Soru: CHP eski milletvekili gazeteci Barış Yarkadaş, millet ittifakına Gelecek Partisi ve DEVA Partisi’nin de dahil edileceğini, yeni ittifak isminin de Büyük Millet İttifakı olacağını iddia etti. Siz bu iddiayı nasıl değerlendiriyorsunuz, Büyük Millet İttifakı kurulur mu? Siz de dahil olur musunuz?
İttifaklar ve cumhurbaşkanlığı meselesinde biz bugün itibarıyla hiçbir şey söylemiyoruz. İttifak meselesi bir seçim ittifakıdır ve seçim tarihi yaklaşınca konuşulacak, gerekirse yapılacak bir iştir. O günkü şartlarda bu kararın verilmesi lazım. Biz siyasi partilerle yakın bir diyalog içindeyiz. Cumhur ittifakında olmayız. Mevcut AK Parti ve MHP’nin tarafında olmayız. Onlarla beraber hareket etmeyiz onu açıkladık. Ama bu seçimlere giderken DEVA Partisi, tek başına mı hareket edecek veya bir ittifak içinde mi olacak onla ilgili kararı günü gelince vereceğiz.

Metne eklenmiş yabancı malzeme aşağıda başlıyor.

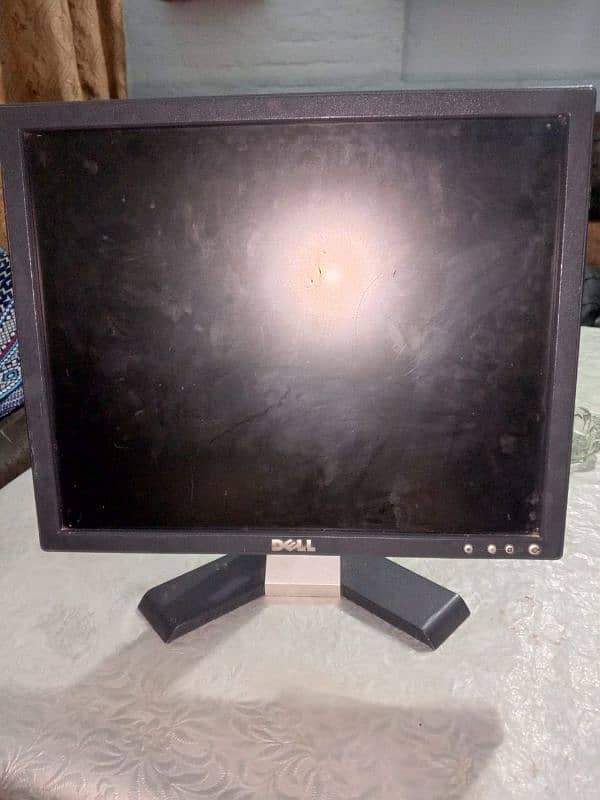 LCD 14 INCH 0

Bugünden herhangi bir şey söylemiyoruz. Parlamenter sistem konusunda altılı bir masa kuruldu. Biz oraya eşit aktör olarak oturduk. Konsensüsle çalışan bir masa oldu. O masanın konsensüs masası olmasını teklif ettik ve o şekilde kabul edildi. Ve o masada çalışıyoruz. Ama o masa bir ittifak masası değil.
Soru: Kılıçdaroğlu aday olup olmayacağı yönündeki soruya karşılık, “İttifak kabul ederse bir sorun yok. Bir araya gelip, oturup konuşmamız ve ondansonra karar vermemiz gerekiyor” diye yanıtladı. Bu sözleri nasıl değerlendiriyorsunuz, Kılıçdaroğlu'nun adaylığını 'uygun' görüyor musunuz?
Bugünden partimizin verilmiş hiçbir kararı yok. Günü geldiğinde bu konular değerlendirilir. Partimizin yetkili organlarında bu kararlar alınır.